The name hit Arthur like a physical blow. His mana flickered wildly, ice crystals around him shattering completely as shock and rage warred within him.

"What?" he gasped, his voice barely audible.

"Your wife," Kael clarified, as if discussing the weather. "Seraphina. She's quite... striking. Intelligent too, from what I can tell."

Arthur's face went through a rapid series of expressions—shock, disbelief, rage, and finally a kind of sick understanding. The boy had turned his own desperate offer back on him in the most personal way possible.

"You... you can't be serious," Arthur stammered.

"Why not?" Kael asked with that predatory smile. "You just offered me any woman in the village. She's in the village."

Arthur's hands began to tremble, though whether from cold or fury was unclear. "She's my wife!"

"Yes, I know and she just happens to be one of the woman of the village," Kael replied smoothly. 

The psychological warfare was devastating. Arthur had opened this negotiation from a position he thought was strength, offering corruption and temptation. Instead, he found himself confronted with a young man who seemed to understand power dynamics better than he did.

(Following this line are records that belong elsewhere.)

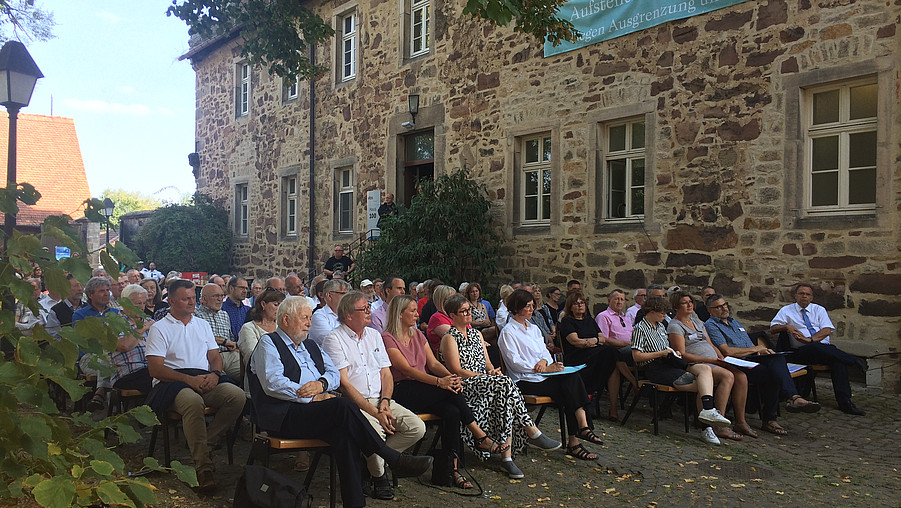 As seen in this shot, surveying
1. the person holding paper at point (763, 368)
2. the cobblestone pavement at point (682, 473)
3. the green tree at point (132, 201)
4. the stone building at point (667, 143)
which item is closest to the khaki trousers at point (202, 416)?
the cobblestone pavement at point (682, 473)

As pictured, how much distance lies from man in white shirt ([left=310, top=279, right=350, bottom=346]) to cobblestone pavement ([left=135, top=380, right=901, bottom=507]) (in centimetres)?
106

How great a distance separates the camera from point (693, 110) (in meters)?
9.52

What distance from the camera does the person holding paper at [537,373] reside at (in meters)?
5.95

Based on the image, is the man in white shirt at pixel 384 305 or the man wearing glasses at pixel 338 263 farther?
the man wearing glasses at pixel 338 263

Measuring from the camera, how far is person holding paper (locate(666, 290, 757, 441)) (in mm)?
6539

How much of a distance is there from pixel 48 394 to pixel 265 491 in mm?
1493

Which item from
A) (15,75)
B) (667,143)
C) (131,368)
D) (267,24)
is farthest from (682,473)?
(267,24)

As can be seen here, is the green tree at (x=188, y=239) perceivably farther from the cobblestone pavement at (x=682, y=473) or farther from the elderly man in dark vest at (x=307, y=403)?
the elderly man in dark vest at (x=307, y=403)

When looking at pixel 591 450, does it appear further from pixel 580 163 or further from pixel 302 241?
pixel 302 241

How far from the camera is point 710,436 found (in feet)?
20.6

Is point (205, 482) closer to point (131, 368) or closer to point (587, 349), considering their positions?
point (131, 368)

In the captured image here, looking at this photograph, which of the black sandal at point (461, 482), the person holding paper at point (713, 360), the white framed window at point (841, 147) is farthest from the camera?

"You... you can't be serious," Arthur stammered.

"Why?" Kael asked, tilting his head with genuine curiosity. "Can't bring yourself to do that? You're killing many innocents for your power, but it seems you can't even bring yourself to sell your wife."

The words hit Arthur like daggers, each one precisely aimed at his hypocrisy.

"It seems," Kael continued, "your dream of breaking through is not as strong as you claim. You'll sacrifice Henrik, random villagers, children even—but your own wife? That's where you draw the line?"

Arthur's hands clenched into fists, his face twisting with anger and helplessness. "It's... it's different."

"How?" Kael pressed mercilessly. "Because she's yours? Because you have feelings for her? But I thought you said the strong take what they need from the weak, that personal attachments were weaknesses for the mediocre?"

The philosophical weapons Arthur had tried to use earlier were now being turned against him.

"She's not... she's not a resource," Arthur said weakly.

His internal war was visible on his face. Everything Kael was saying made horrible sense. He had already crossed the line of treating people as resources to be consumed. And this was nothing different as well.

"The necromancers won't wait forever," Kael added quietly. "And if you can't deliver what you promised, how long before they decide you're more valuable as an experimental subject than as a partner?"